Your objective. Beginning with the opening line of the entries, return every line through the one containing "Adriana Sahar OnlyFans Thumbnail #OpQ4hXfzfv", both included, and nothing else. Omit pictures.
Data for processing Start Marker
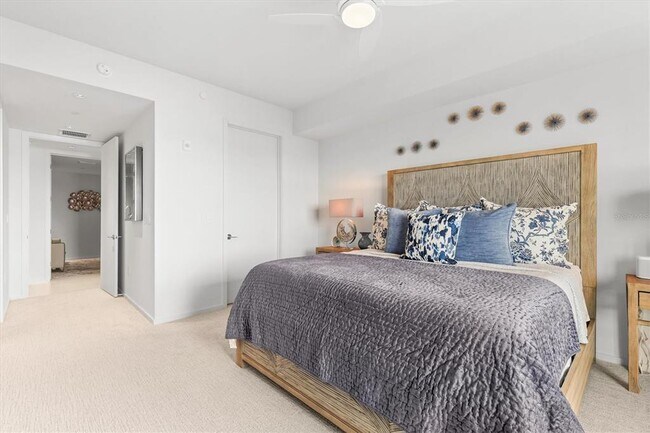 Building Photo - 1020 Sunset Point Rd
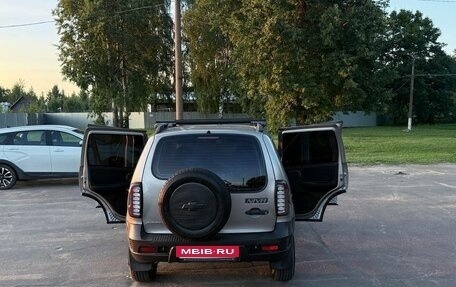 Chevrolet Niva I рестайлинг, 2013 год, 600 000 рублей, 8 фотография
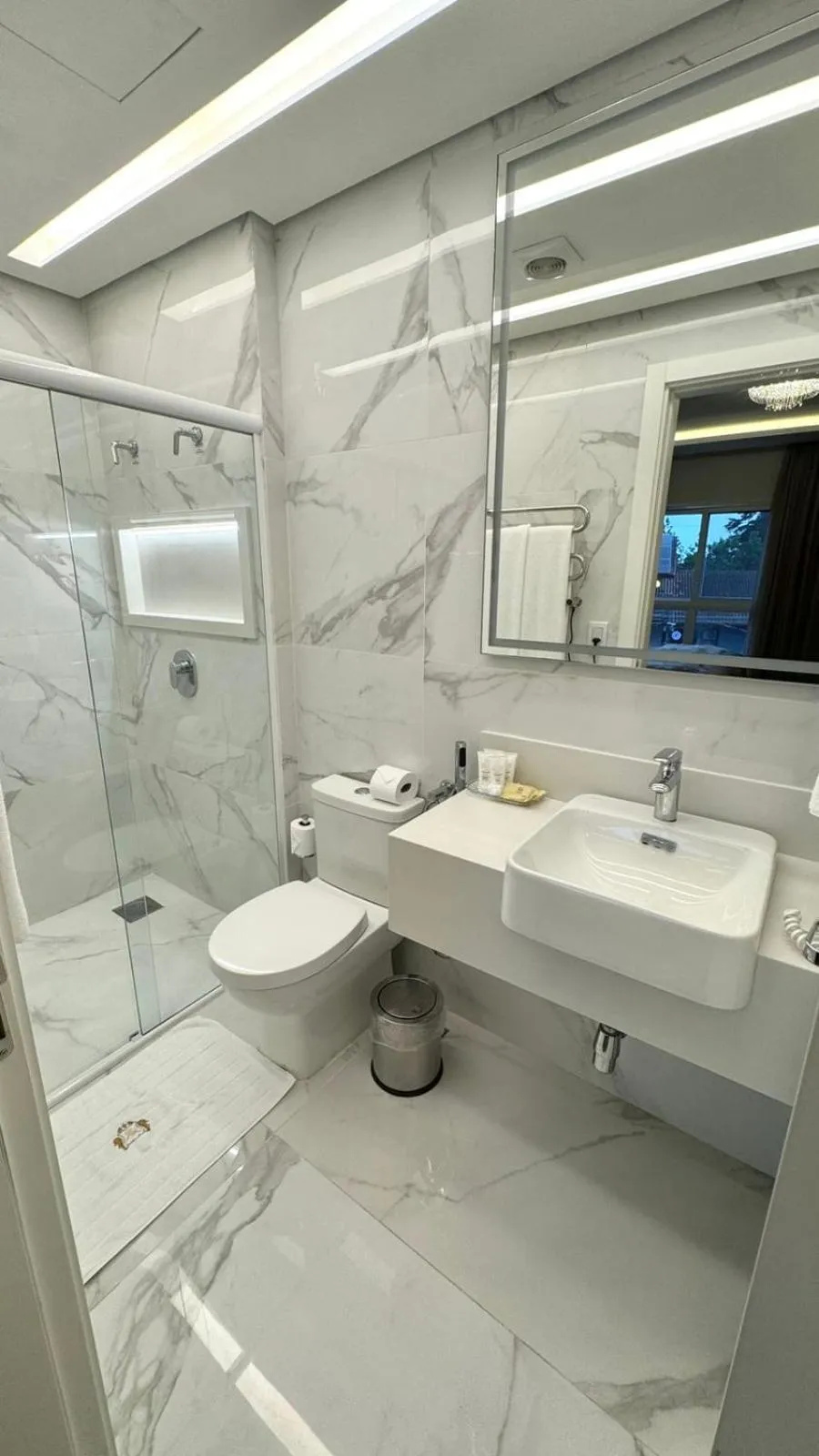 Bathroom in Hotel e Restaurante GIRATÓRIO RF Vision - A melhor vista 360 de Gramado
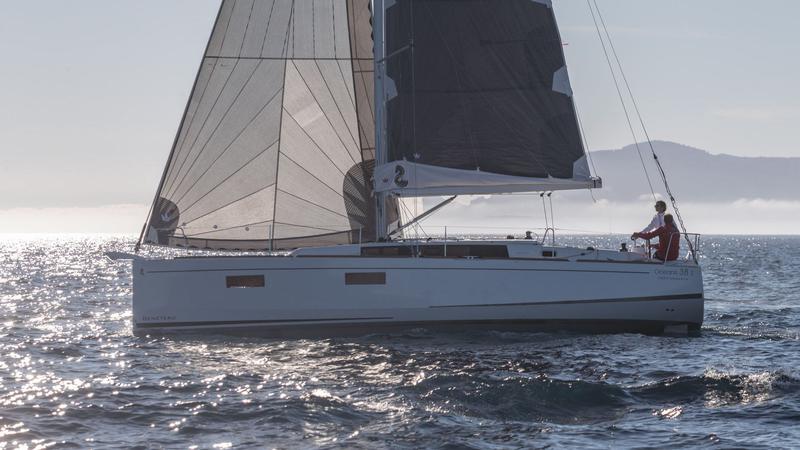 Book yachts online - sailboat - Oceanis 38.1 - Diana - rent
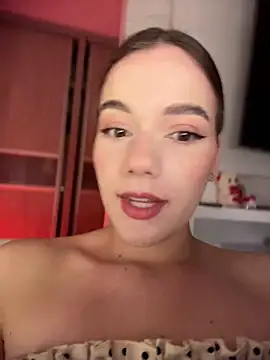 NicoleCut webcam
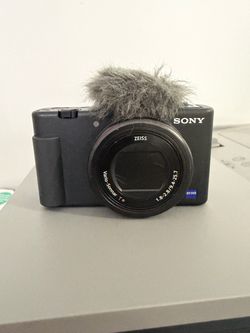 SONY ZV-1 — PRICED TO SELL! $525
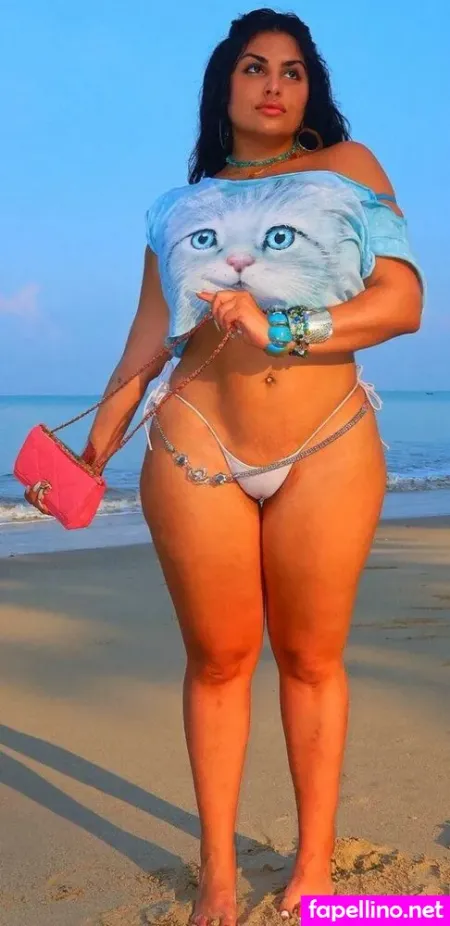 Adriana Sahar OnlyFans Thumbnail #OpQ4hXfzfv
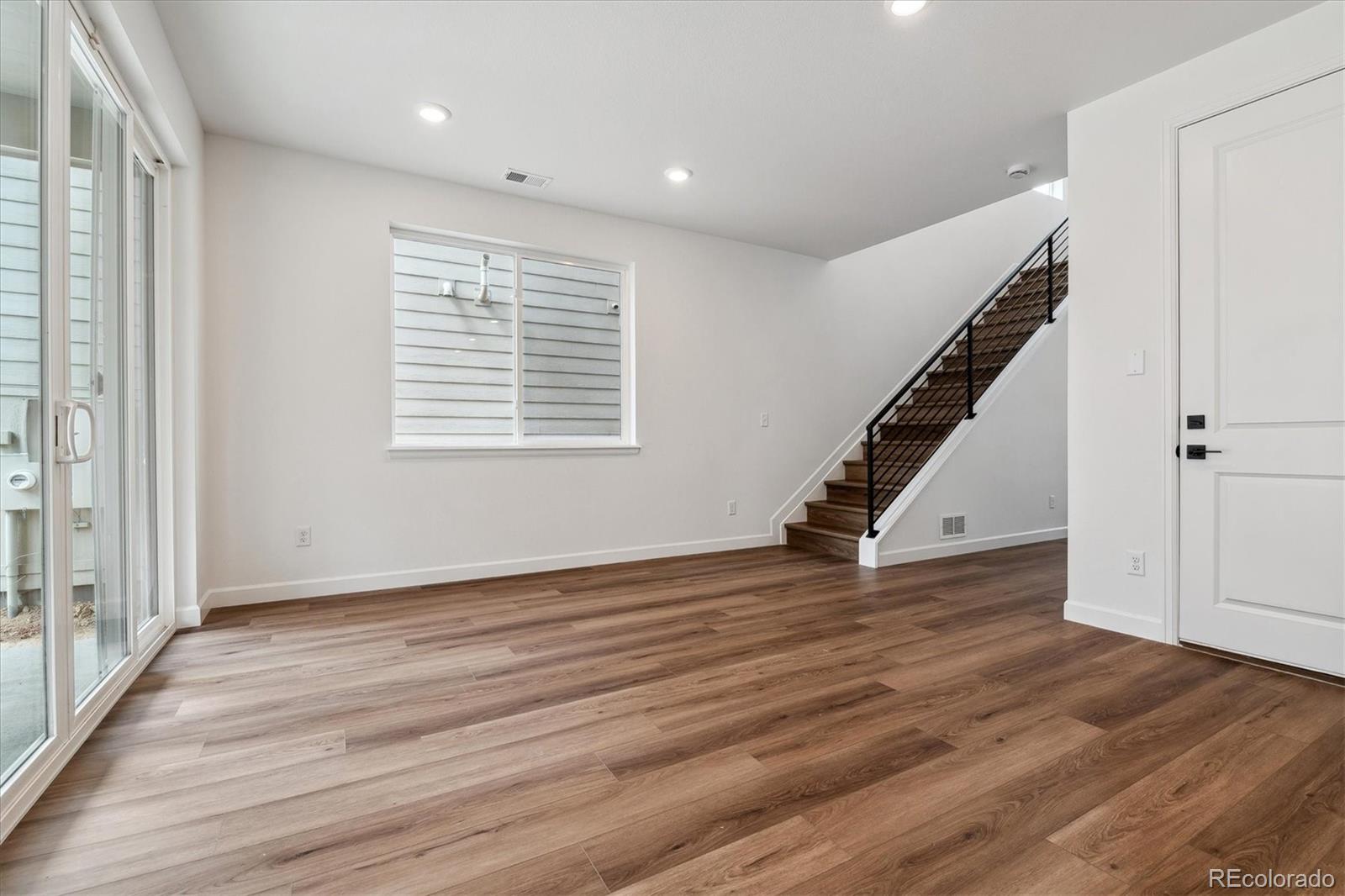 MLS Image #5 for 8498  eagle river street,littleton, Colorado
Data for processing End Marker
Task output.
 Building Photo - 1020 Sunset Point Rd
 Chevrolet Niva I рестайлинг, 2013 год, 600 000 рублей, 8 фотография
 Bathroom in Hotel e Restaurante GIRATÓRIO RF Vision - A melhor vista 360 de Gramado
 Book yachts online - sailboat - Oceanis 38.1 - Diana - rent
 NicoleCut webcam
 SONY ZV-1 — PRICED TO SELL! $525
 Adriana Sahar OnlyFans Thumbnail #OpQ4hXfzfv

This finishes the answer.